The most straightforward application of big data technology is to provide companies with an insight into consumer decision making, by "[u]sing advanced analytics techniques such as predictive analytics, data mining, statistics, and natural language processing, businesses can study big data to understand the current state of the business and track evolving aspects such as customer behavior." While these applications will likely start with those companies able to invest in the technology, it is easy to imagine this technology playing an increasingly important role in our lives over time.
What big data is not
As the field continues to advance, an increasing number of experts have become vocal in pointing out the limitations in big data applications. Columbia historian Matthew Jones explains, "Data science depends utterly on algorithms but does not reduce to those algorithms. The use of those algorithms rests fundamentally on what sociologists of science call "tacit knowledge" -- practical knowledge not easily reducible to articulated rules -- or perhaps impossible to reduce to rules." As Jones points out, the human element remains critical.
In a recent Wall Street Journal interview, Stephen Sorkin of Splunk, a company in the big data analytics field, echoed Mr. Jones: "If you take any sufficiently large data sets, you are going to find correlations. You need a human in the loop to work out which are important." As an industry insider, Sorkin is well positioned to speak on the limitations of the technology.

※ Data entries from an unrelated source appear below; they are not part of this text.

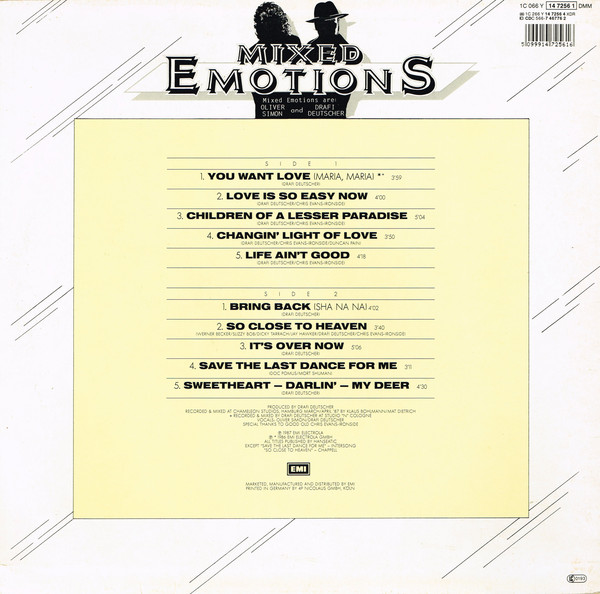 Mixed Emotions-1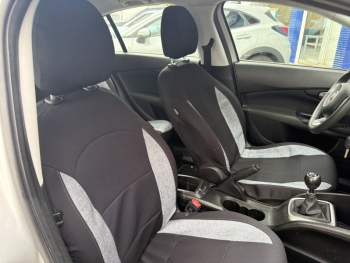 Photo 10 du bon plan FIAT Tipo 1.4 95ch Ligue 1 Conforama 2019 5p occasion à 10290 €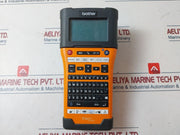 Brother P-touch Pt-e550W Wireless Handheld Labeling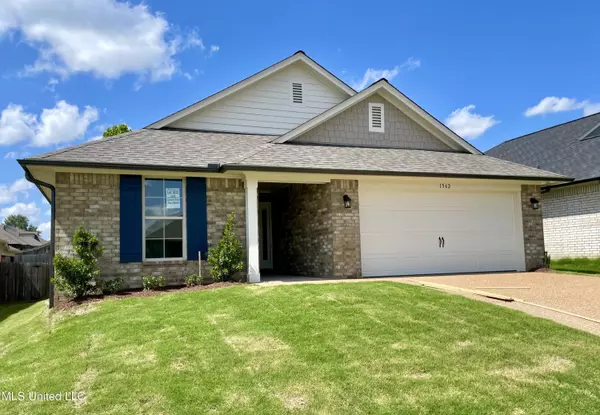 1562 Cambria Drive, Southaven, MS 38671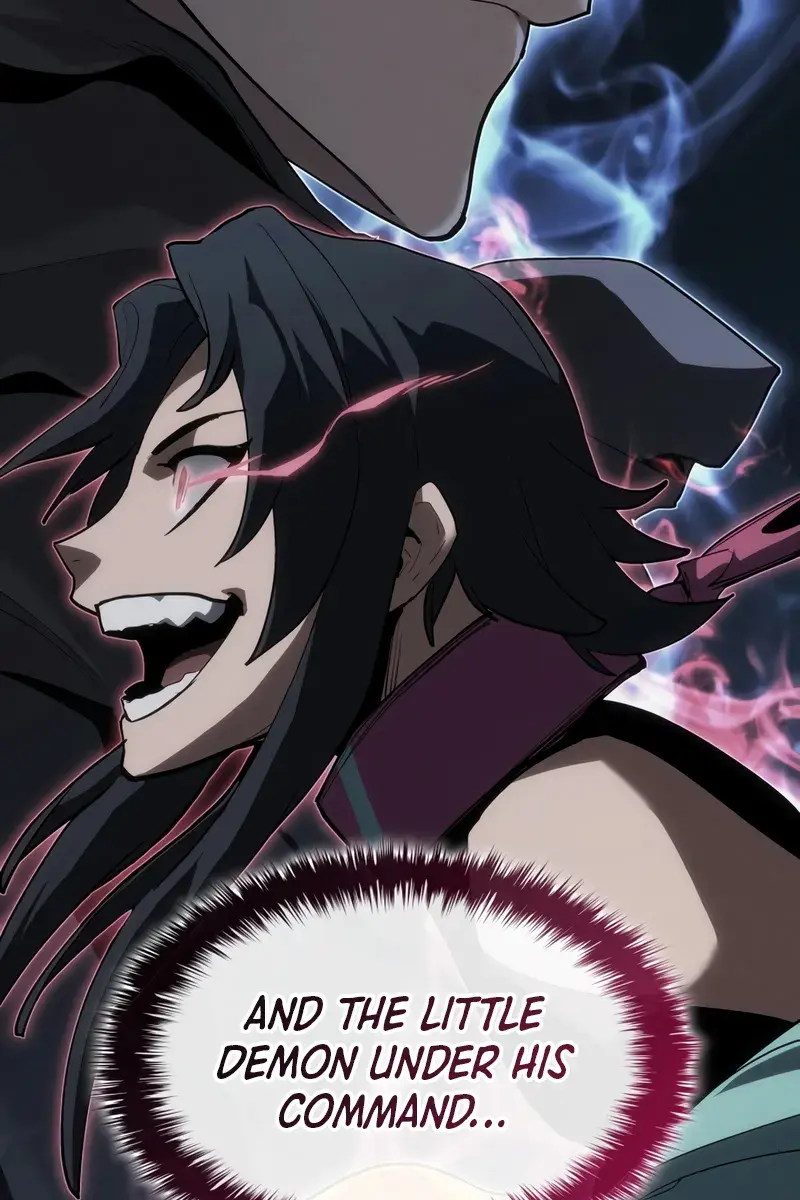 Reaper of the Drifting Moon Chapter 96 Page 39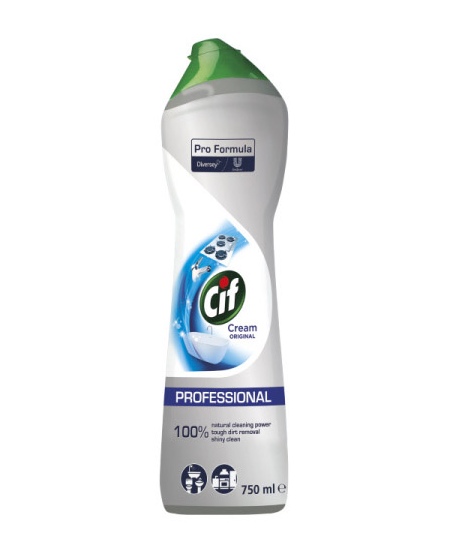 Pinnapuhastusvahend Cif Professional, 750 ml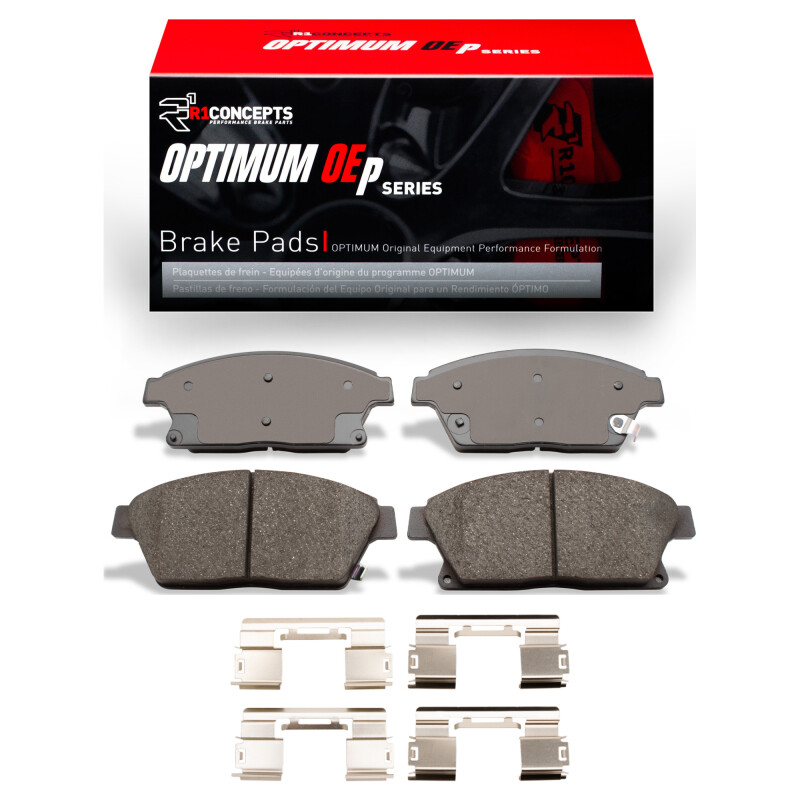 RNC Optimum OE Brake Pads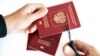Україна не переслідує кримчан за наявність паспортів, виданих Росією – прокуратура АРК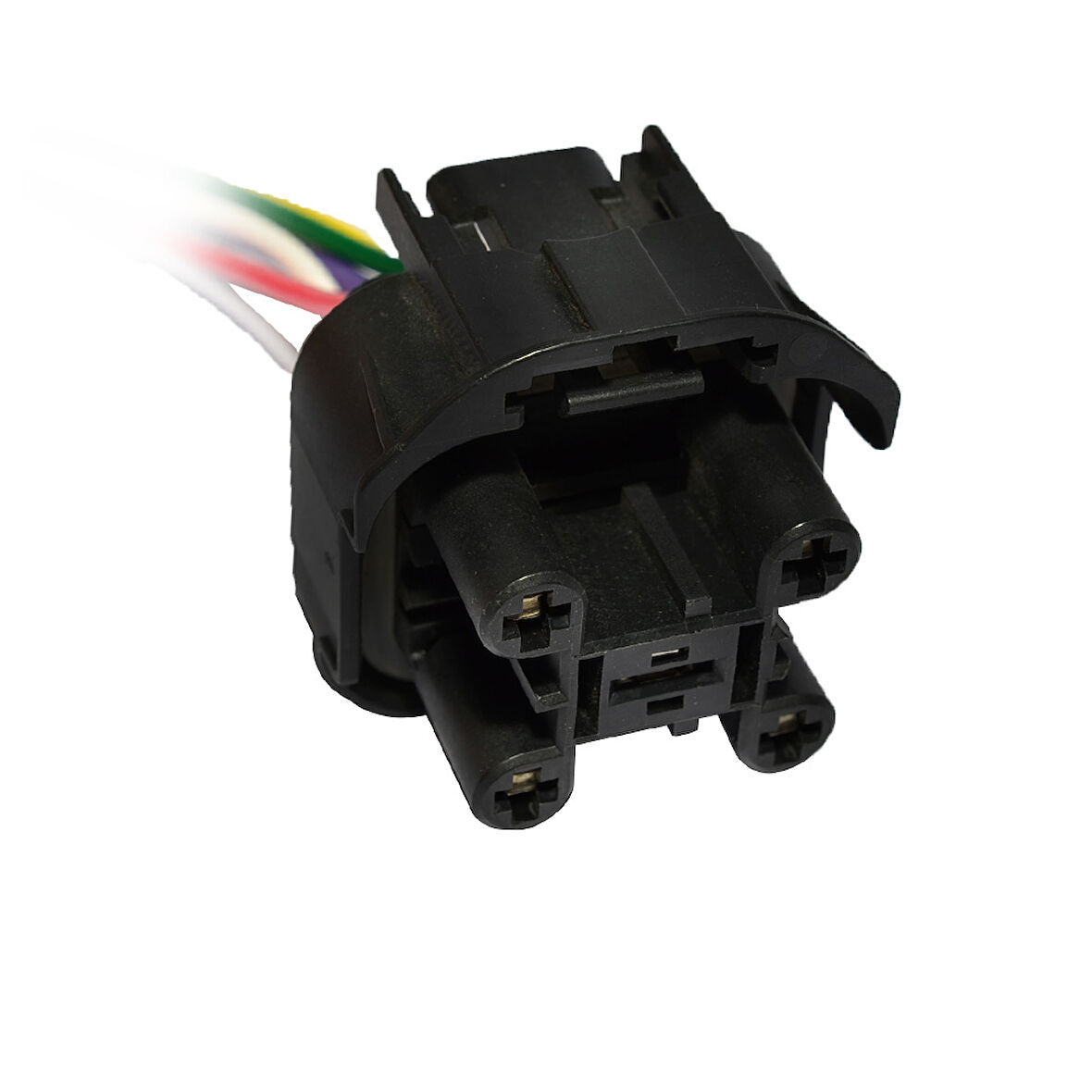 Soket 5 Kablo Kızdırma Role Fiat 1.3 68254974Ab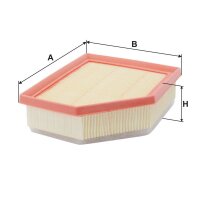 FILTRON AP 124/7 Luftfilter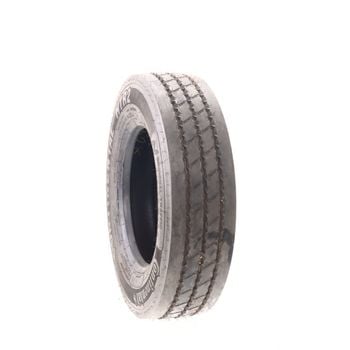Used 215/75R17.5 Continental HTR 2 135/133K - 15/32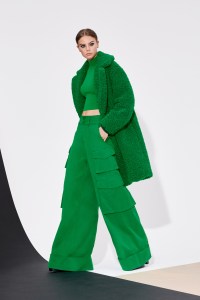 Alice + Olivia RTW Fall 2023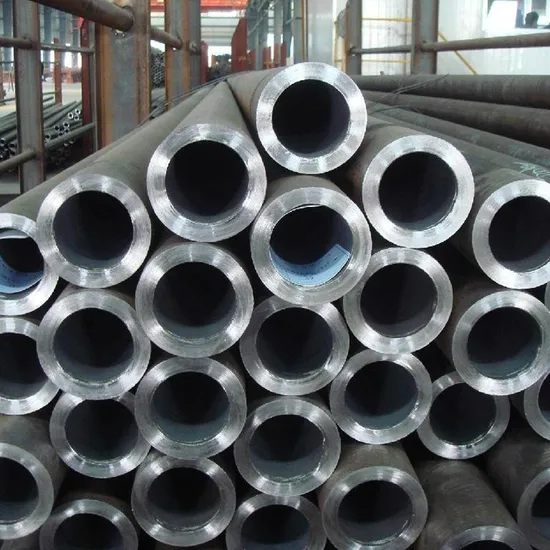 Seamless 304 Stainless Steel Sheet/Bar/Rod/Plate/Pipe/Tube for Heat Exchangers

To bring the matter to an even more human level, Lindsay Elsner, a health care executive recruiter with Link Executive Search in Minneapolis and Milwaukee, explains: "While the human and relationship aspects of this business will always be central, once this technology filters down to this level, it will be a powerful tool in providing both clients and candidates with statistically meaningful criteria by which to judge each other." As Elsner notes, big data is a tool that has the potential to aid in the decision-making process, not replace the human element. The x factor that distinguishes one job applicant from the next may remain impossible to reduce to an algorithm.
Leading the way
While it may be too early to pick a winner in the big data field, IBM is taking strides to remain at the forefront of the field. It recently announced that it is opening a center for big data in collaboration with Ohio State University. Perhaps the most critical advance represented by the move is that it has the potential to create a pipeline for well-trained employees in the field. Gartner's head of global research Peter Sondergaard said, "Our public and private education systems are failing us. Data experts will be a scarce, valuable commodity." The firm predicted that the field would be responsible for the creation of 1.9 million jobs by 2015, tripling the number of positions created in all other fields combined.
By positioning itself to have a direct pipeline to those individuals that will best be able to advance the field, IBM will give itself an edge. This could be important as competitors make major pushes to become increasingly relevant in the big data space. EMC, for example, is looking to make inroads by streamlining the process with its three-step process : "Infrastructure, Agile Analytics, and Actionable Insights." This is differentiated from Intel's edge, which lies more in its expertise in the server segment as a major competitor for IBM.
Ultimately, IBM's reach and focus at the enterprise level are the factors that make it one of the more interesting big data plays in the market. While it is likely still early in the process to consider big data fully actionable investment information, it should definitely be squarely on your radar. Big Blue is well positioned in big data and early investors should start here.